I admit it. I like the new look of the CBC. The new anchors, the smooth, it makes me feel slightly less embarrassed about Canadian TV production quality. I just wish Peter Mansbridge sat down. I get the impression he wants to take a seat. You know? The man just wants a seat. We can do that.
This afternoon I came across a new show called the Lang and O’Leary Exchange, reeking of Business News Television with faux partisanship and actual product placement within the news broadcast. No different than a new and improved Shopping Channel. Regardless, one quickly realizes the majority of points and counterpoints were revolving around our revered companion of Kitchener/Waterloo. From the ManuLife stock gossip transitioning into exhausted references of Research in Motion like it’s the last litmus of Canada's burgeoning economy. Just last week, the Globe featured a news clip of the darker shades of unemployment in Waterloo - a short video and article on how the region’s tech industry has taken their respective fiscal hits. The Globe article also mentions that although jobs are being cut, there are almost just as many new specialized positions available.
(View the vid: here.)
So. Numbers first. The region's latest unemployment numbers are around 9.3%. Ontario's is also 9.3%. Canada as a whole is around 8.6%, putting Waterloo just above the national average. I don’t do supply and demand curves, but I do do questions.
Is the image of BlackBerry tumbleweeds and tattered suits roaming the streets of Waterloo too good to pass up for the press?

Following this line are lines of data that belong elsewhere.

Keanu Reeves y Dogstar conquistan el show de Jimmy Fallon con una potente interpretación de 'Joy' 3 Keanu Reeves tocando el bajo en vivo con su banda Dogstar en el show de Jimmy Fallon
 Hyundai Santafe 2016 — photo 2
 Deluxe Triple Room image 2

Waterloo should obviously not be exempt from news drama, but the Globe’s portrait seemed overbaked. Not to say the region doesn’t have real issues with poverty, it just seems from anecdotal experience that Waterloo shuffles most of their social outreach to Kitchener to preserve the bourgeois clean tech image.
Maybe I haven’t been paying attention, but when was Waterloo Region arguably the most discussed economic area of our country? Of course we have Alberta, growing Prairie economies and the mixed Ontario bag, but is this region our country’s true bright horse? Are we that fantastic?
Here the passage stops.